Por eso los movimientos feministas, raciales y LGTB son cada vez más histéricos y refractarios a toda argumentación: porque en realidad no buscan fines racionales, sino identitario-emocionales. Su hipersusceptibilidad (necesidad de encontrar “machismo”, “racismo” y “homofobia” por todas partes) y manifestaciones son infantiles -de las rabietas exhibicionistas de las Femen a los escraches contra intelectuales conservadores, de los “safe spaces” a los “trigger warnings” o las polémicas delirantes sobre “apropiación cultural”- porque son la reacción a un trauma infantil de inseguridad y desprotección existencial. Y están arrastrando a toda la política occidental al delirio y la irresponsabilidad.
La revolución sexual y la Gran Dispersión no sólo produce niños desprotegidos que se convertirán de adultos en militantes histéricos. También está conduciendo a una sociedad de viejos solitarios. Uno de cada cuatro alemanes de más de 70 años reciben menos de una visita al mes; un 10% no recibe ninguna. En Japón, empresas especializadas limpian los apartamentos en los que se han descompuesto durante meses los cadáveres de ancianos que vivían solos. A la sociedad que sacrificó la natalidad y la estabilidad familiar en el altar de la libertad amorosa infinita le espera ese terrible final de vida.
Que Eberstadt pone el dedo en la verdadera llega queda confirmado por lo numeroso e inane de los topicazos con los que se intenta acallar su tesis. “¡Qué rancio! ¡Ultracatólico! ¿No pretenderás volver a los años 50? ¡Es imposible volver a meter el dentífrico en el tubo cuando ya se ha desparramado!”. Algunos conocemos muy bien la cantinela.
Y sí, se está produciendo una reacción contra la identity politics: pienso en los Jonathan Haidt, Camille Paglia, Steven Pinker, Cayetana Alvárez de Toledo (cuya gallardía anti-feminista fue una de las causas de su defenestración en el PP)… Son liberales que quieren combatir el tribalismo sexual-racial sólo mediante la reivindicación del individuo. Ellos, tan desdeñosos del “populismo simplificador”, proponen una respuesta simplicísima: “individuo y basta”. Olvidan que somos animales sociales y necesitamos “sources of the self”, y que esas fuentes del yo estaban en la familia. Pero los ultraindividualistas no están dispuestos a reconocer la crisis de la familia; para ellos es sagrada la disociación absoluta entre la esfera pública y la privada, y la intangibilidad de esta última. Para ellos es dogma de fe la libertad amorosa absoluta, la revolución sexual.

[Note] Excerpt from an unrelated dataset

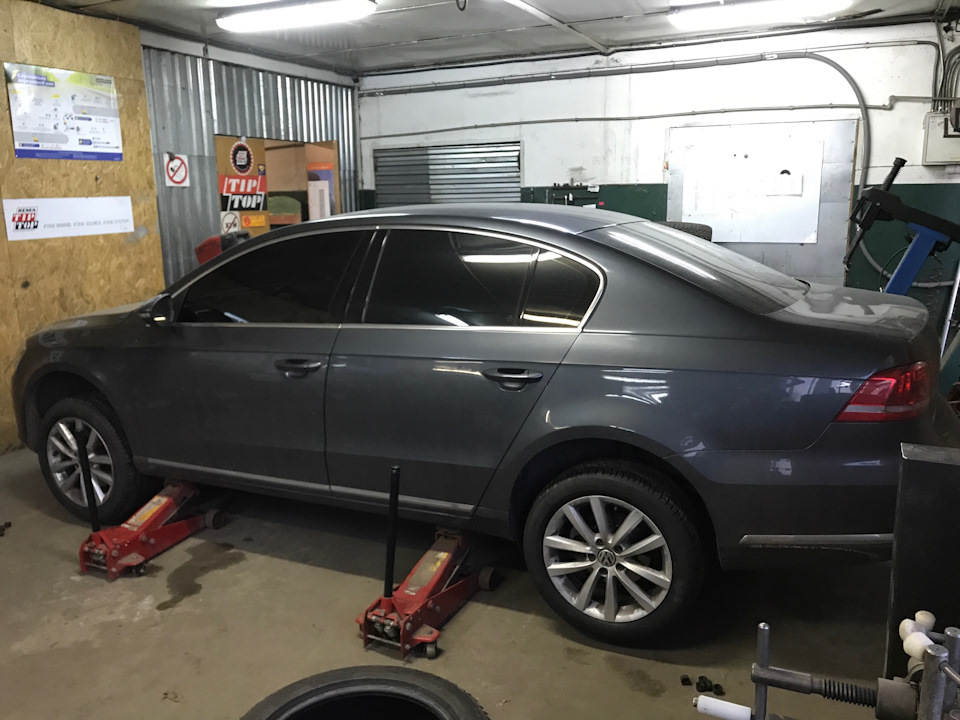 Купив літні шини Michelin Primacy 3 4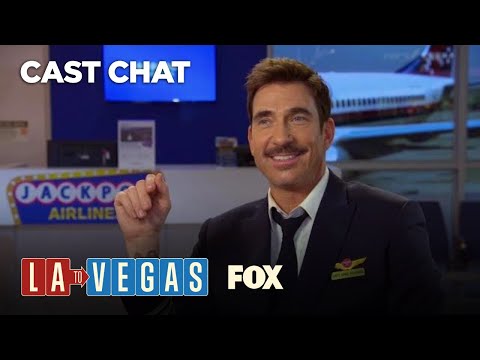What Would Your Character Do: Baby | Season 1 | LA TO VEGAS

El dogma “cada uno hace con su vida privada lo que quiere” ha calado tanto que vuelve problemática la recepción del discurso conservador que explica que la desintegración familiar nos está llevando, vía suicidio demográfico, a la insostenibilidad social. No se trata de juzgar individualmente a nadie (quienes hayan fracasado en la construcción de familias sólidas tienen muchas justificaciones: la dificultad intrínseca del asunto, más el haber sido educados en una atmósfera post-1968 que no promovía los valores familiares, sino los liberacionistas), pero sí de comprender que, como dice inapelablemente Eberstadt, “decisiones privadas multiplicadas por muchos millones tienen inevitablemente consecuencias públicas”.
O revisamos la revolución sexual, o vamos al desguace como sociedad.